Of course, the heart of the problem is not declining numbers but waning commitment. As I addressed in my book, I Am a Church Member, church membership is becoming less and less meaningful in many churches. As membership becomes less meaningful, commitment naturally wanes.
While I don’t want to suggest there is a magic bullet to this problem, I do want to offer some approaches to address it. These five have proven to be the most helpful in hundreds of churches:
- Raise the expectations of membership. You may be surprised how many church members don’t really think it’s that important to be an active part of the church. No one has ever told them differently.
- Require an entry class for membership. By doing so, the church makes a statement that membership is meaningful. The class should also be used to state the expectations of what a committed member looks like.
- Encourage ministry involvement. Many members become less frequent attendees because they have no ministry roles in the church. They do not feel like they are an integral part of the church.

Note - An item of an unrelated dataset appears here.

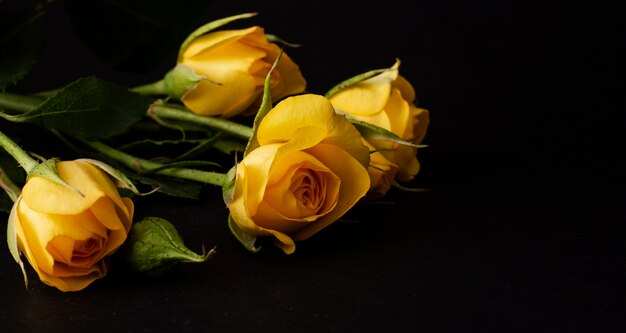 Bouquet de tulipes en fleurs à angle élevé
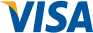 Visa Card Logo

- Offer more options for worship times. Our culture is now a 24/7 population. Some members have to work during the times of worship services. If possible, give them options. One businessman recently told me that he changed congregations to a church that offered a Saturday worship time because his job required him to catch a plane on Sunday morning.
- Monitor attendance of each member. This approach is often difficult, especially for worship attendance. That is why the traditional Sunday school approach of calling absentees was so effective. Perhaps churches can incorporate that approach in all groups. Members are less likely to be absent if they know someone misses them.